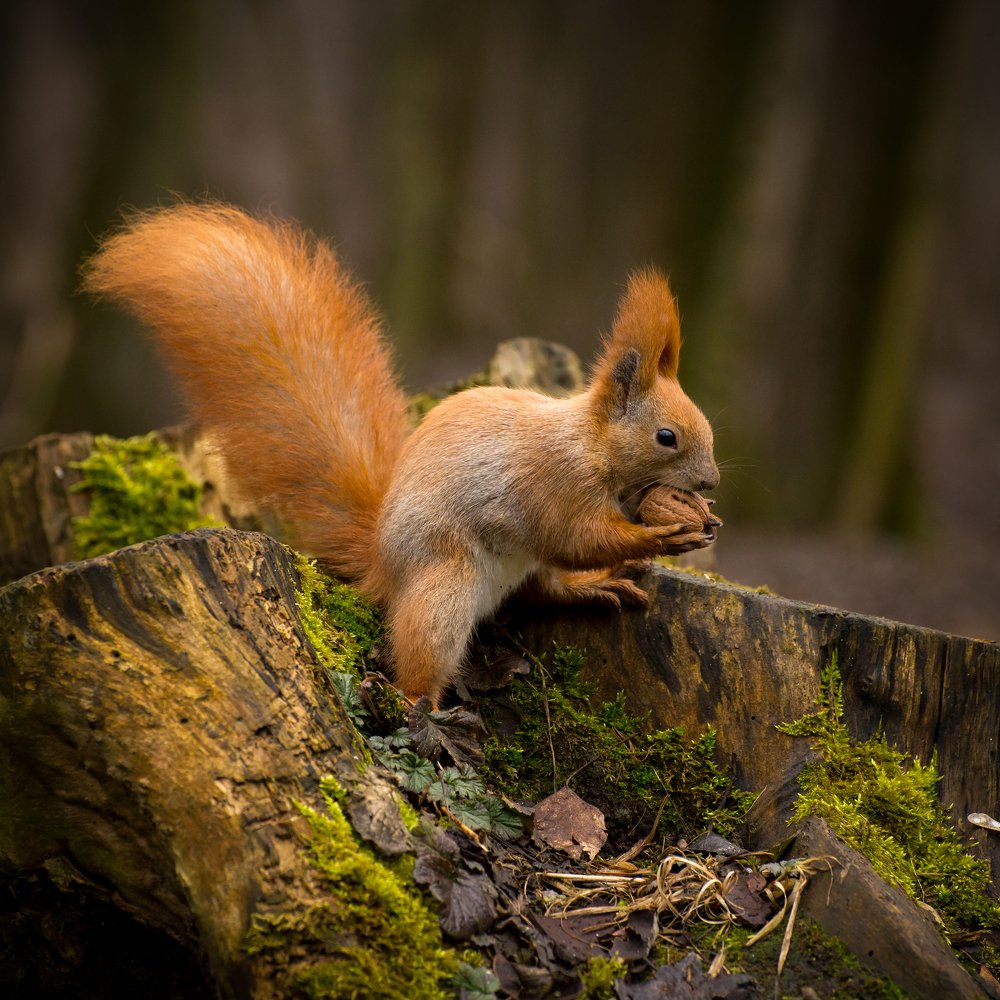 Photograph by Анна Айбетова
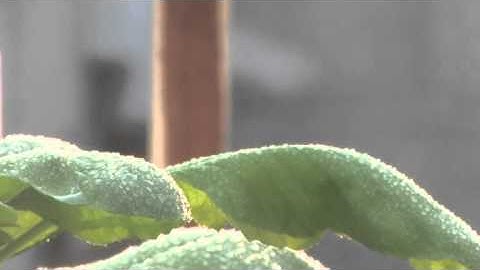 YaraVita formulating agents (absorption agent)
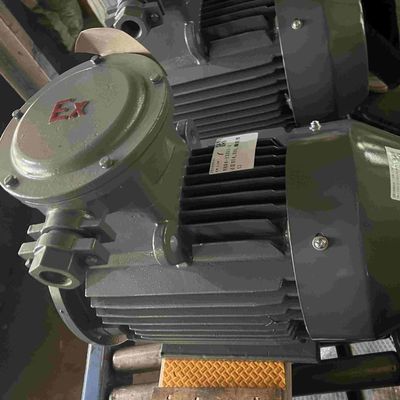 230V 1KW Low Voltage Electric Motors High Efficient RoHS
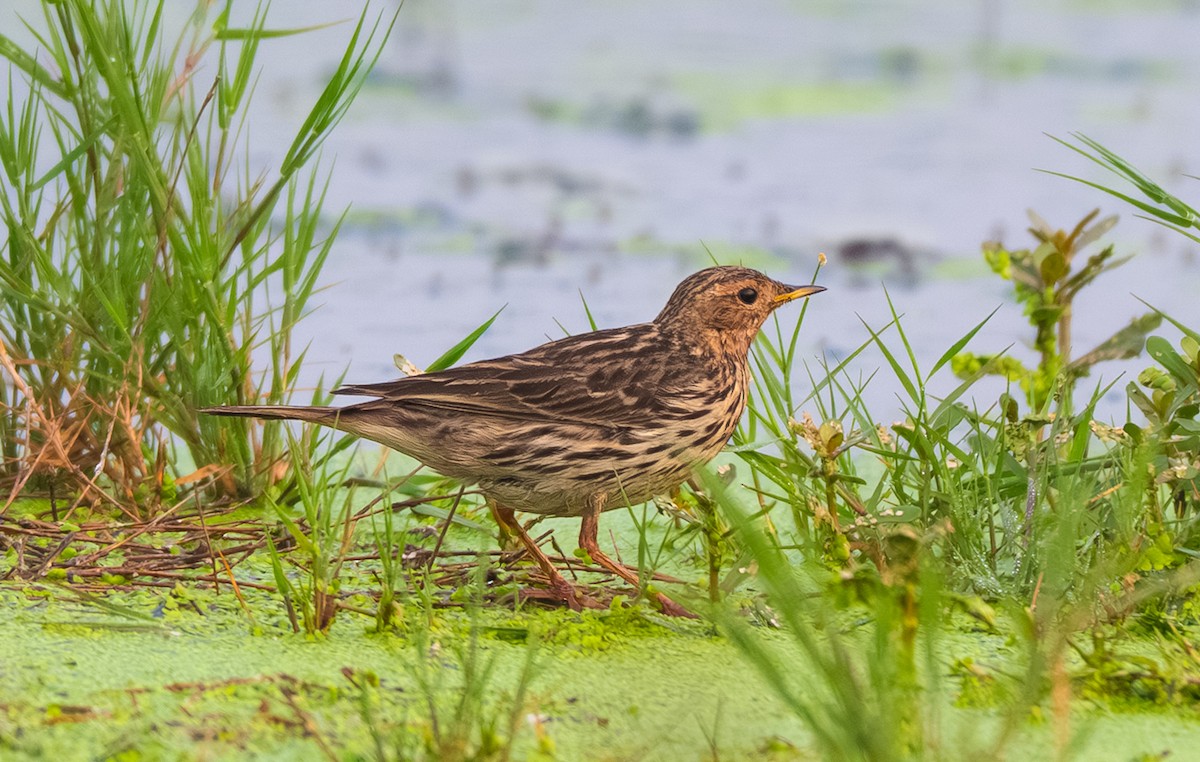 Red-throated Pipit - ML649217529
----------
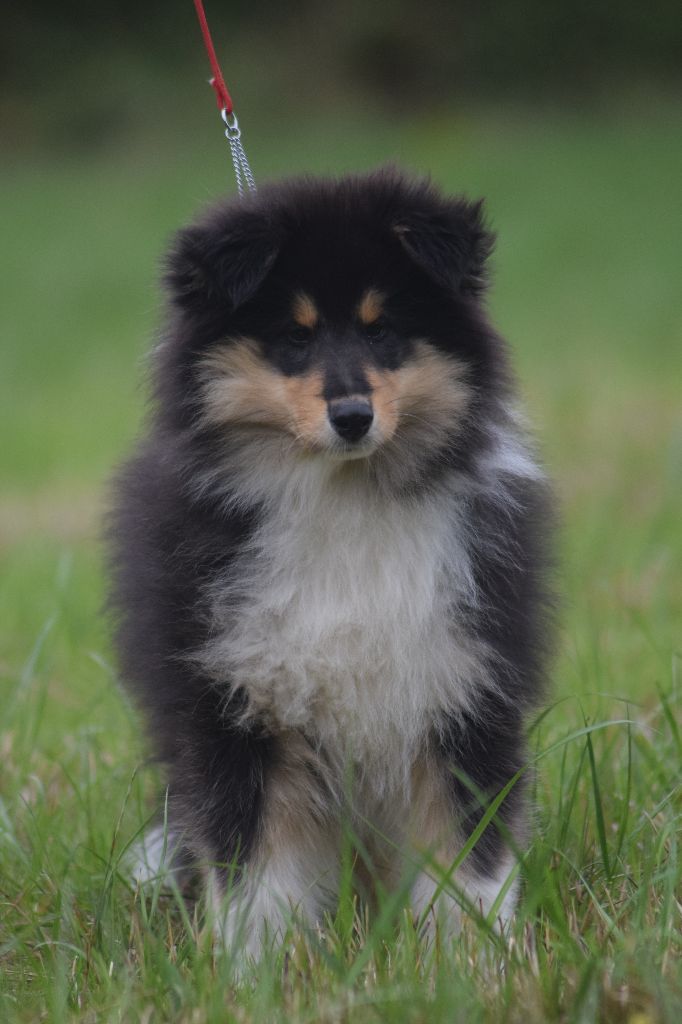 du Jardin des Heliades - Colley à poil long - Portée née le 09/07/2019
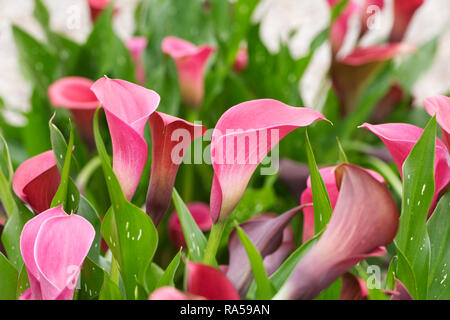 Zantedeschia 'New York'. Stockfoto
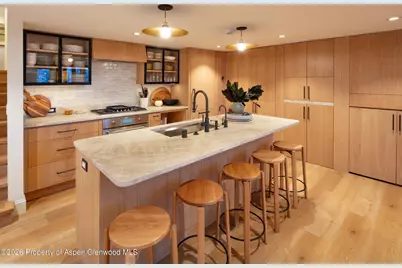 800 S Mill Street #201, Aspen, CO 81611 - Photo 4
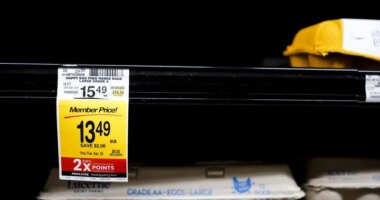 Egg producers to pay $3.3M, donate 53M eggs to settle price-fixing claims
----------
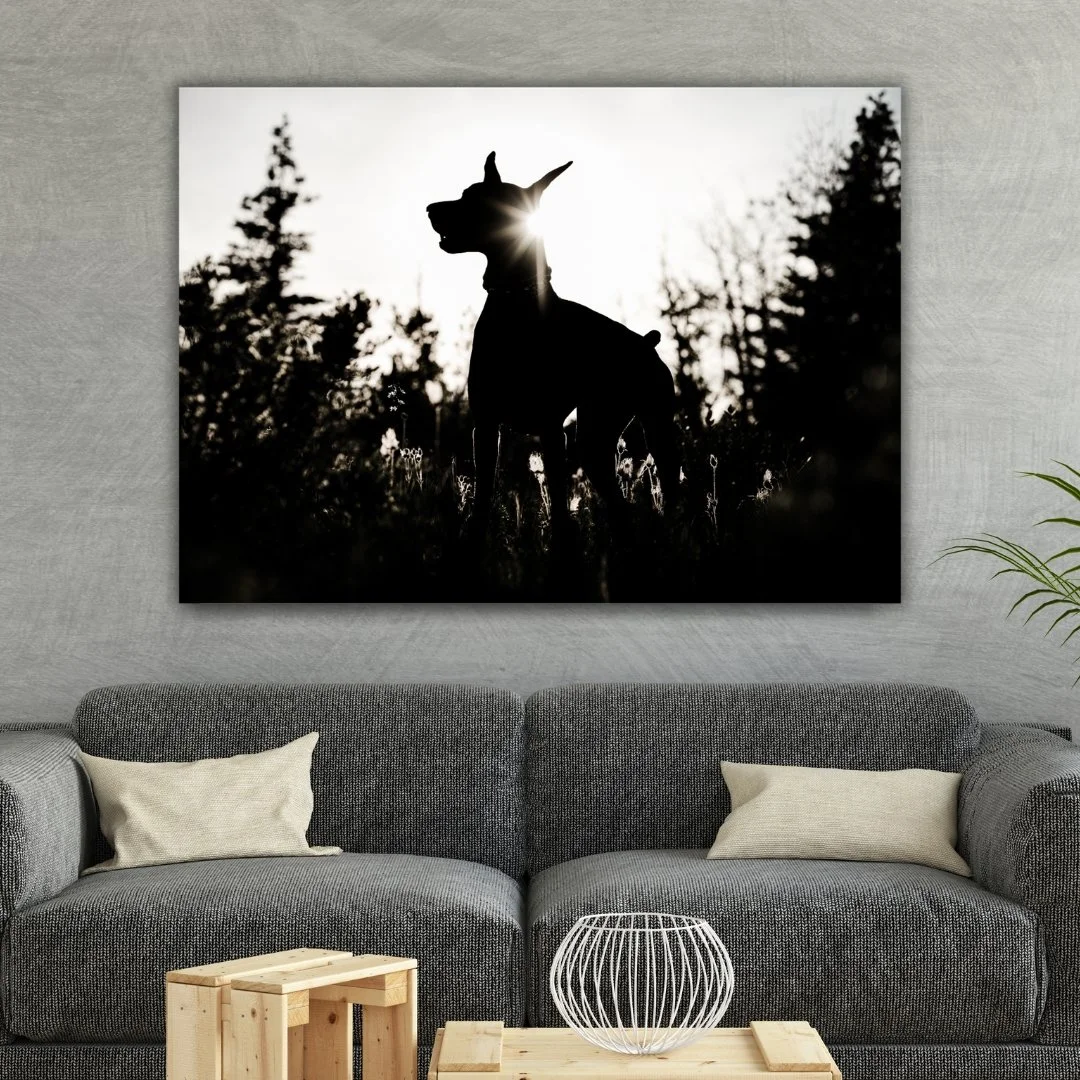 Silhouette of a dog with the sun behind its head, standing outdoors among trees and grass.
----------
Without the pictures, give again exactly the lines above starting at the line containing "Zantedeschia 'New York'. Stockfoto" and ending at the line containing "Egg producers to".

 Zantedeschia 'New York'. Stockfoto
 800 S Mill Street #201, Aspen, CO 81611 - Photo 4
 Egg producers to pay $3.3M, donate 53M eggs to settle price-fixing claims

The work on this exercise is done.